The Watergate scandal, which forced President Richard M. Nixon to resign in 1974, had permeated politics when Mr. Boren ran for governor that year, and he cast himself as a state-government reformer. He defeated the incumbent Democratic governor, David Hall, in a primary, and a Republican, James Inhofe, in the general election. (Mr. Inhofe was later elected to the House and the Senate. He died in July.)
At 33, Mr. Boren was the nation’s youngest governor when he took office in January 1975.
As governor, he reformed the state’s workers’ compensation law and fostered many improvements to Oklahoma’s correctional system, which was still reeling from a 1973 riot at the overcrowded state penitentiary at McAlester that left three dead and $20 million in damage.
He also drew wide attention during the energy crisis of the mid-1970s by calling for the nationwide deregulation of natural gas prices. President Carter named him chairman of a task force to study the problem. His actions positioned him well for his next move, up to the Senate.

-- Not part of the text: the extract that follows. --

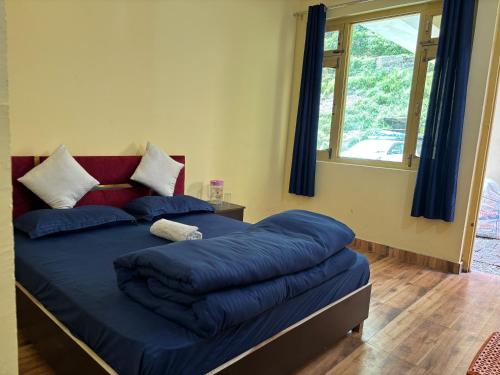 a bedroom with a bed with blue sheets and a window at AP Residency in Uttarkāshi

Shortly after graduating from law school in 1968, Mr. Boren had married Janna Lou Little, whose father, Reuel Little, ran for governor on the American Party ticket in 1970. The couple were divorced in 1976.
In 1977, Mr. Boren married Molly W. Shi, an Oklahoma county judge. They exchanged vows at the Governor’s Mansion.
He is survived by his wife; two children from his first marriage, David Daniel Boren and Carrie Headington; and a number of grandchildren. His sister, Susan Boren-Dorman, died in 2020.
Mr. Boren’s son, who goes by the name Daniel, was elected to the House of Representatives as a Democrat in 2004 and served four terms before returning to private life.
David Boren was inducted into the Oklahoma Hall of Fame in 1988.
As his 26-year political career drew to a close in 1994, Mr. Boren wrote an opinion article for The New York Times titled “Why I Am Leaving the Senate.” He told of his exhaustion after years of 14-hour days with little time for reflection, family relationships, personal friendships or even time to exchange ideas with fellow senators.
“I have come to believe that the revitalization of our nation will not come from Washington but from the grass roots — from those who become active in their own communities,” he wrote. “If America gets everything else right but fails to provide for the education of the next generation, we will lose our strength as a society. A reporter asked me, ‘Why would you give up power and influence to become a university president?’ My answer: At this point, I feel I can do more good at the university.”
In 2011, he published “A Letter to America,” a short book warning that the nation was in trouble because, he said, unrestrained partisanship, the corrosive influence of big money and the growing divide between the very wealthy and everyone else had virtually paralyzed the political processes.
“In truth,” he wrote, “we are in grave danger of declining as a nation.”